Reproduce exactly the line with "2018 Ferrari California T Tampa FL" and every line that follows it below, up to and including the last one. Do not include pictures or anything else.
--- --- ---
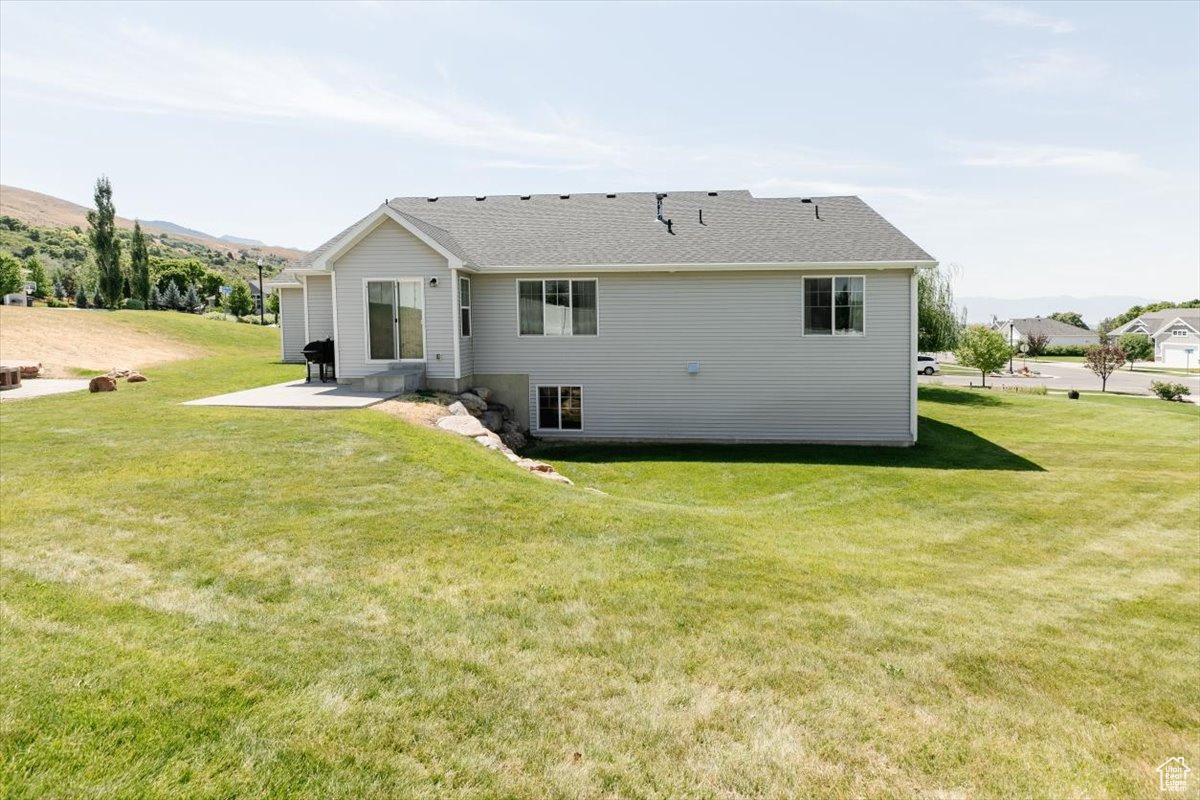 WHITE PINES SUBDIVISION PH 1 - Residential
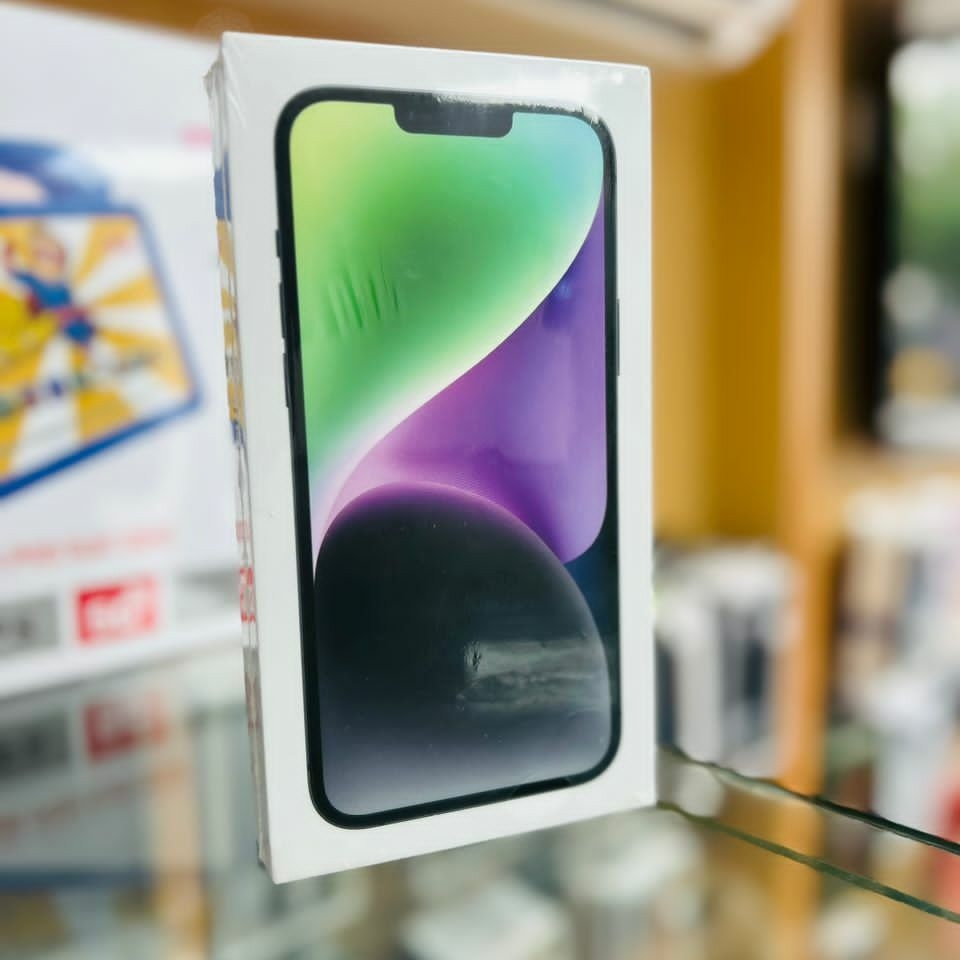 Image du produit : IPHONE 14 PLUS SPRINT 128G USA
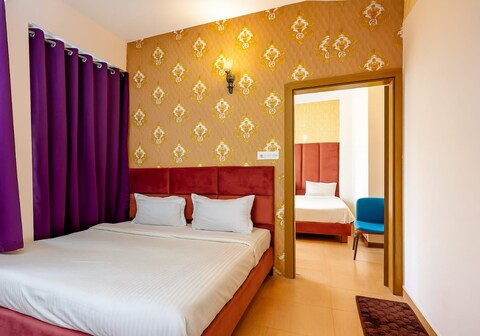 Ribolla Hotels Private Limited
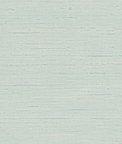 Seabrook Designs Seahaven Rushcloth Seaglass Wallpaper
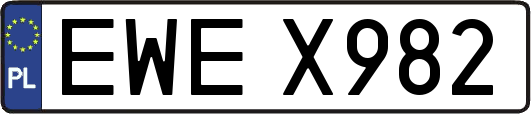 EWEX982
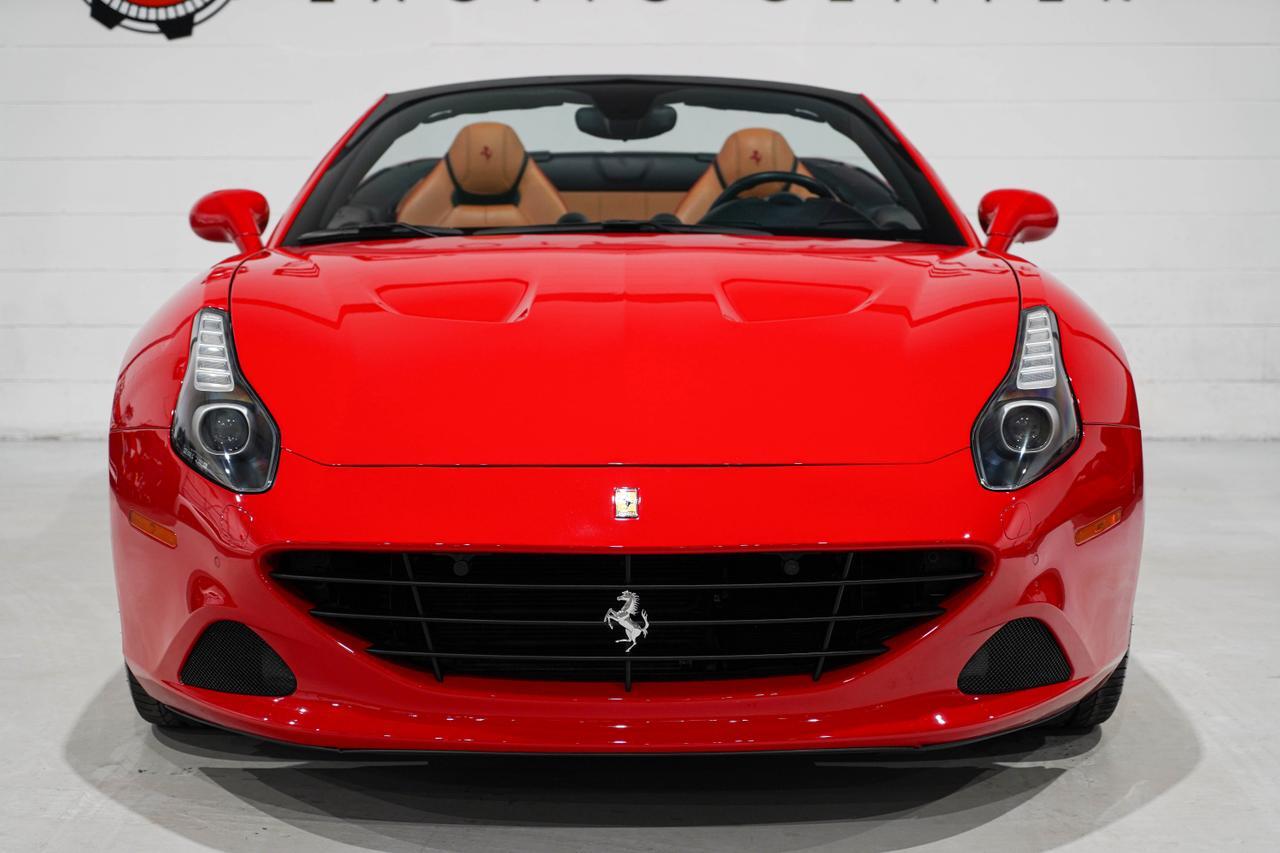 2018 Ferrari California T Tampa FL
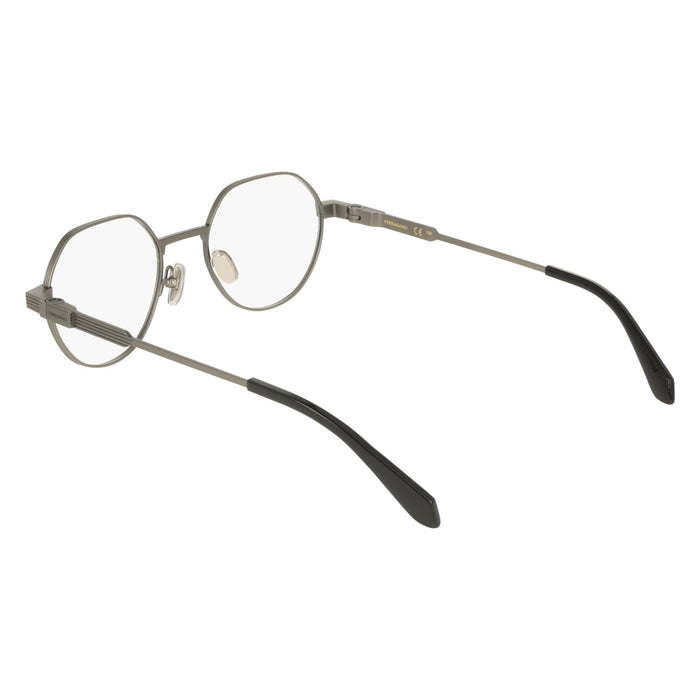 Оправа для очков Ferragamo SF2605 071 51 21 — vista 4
--- --- ---
## YOUR SOLUTION
 2018 Ferrari California T Tampa FL
 Оправа для очков Ferragamo SF2605 071 51 21 — vista 4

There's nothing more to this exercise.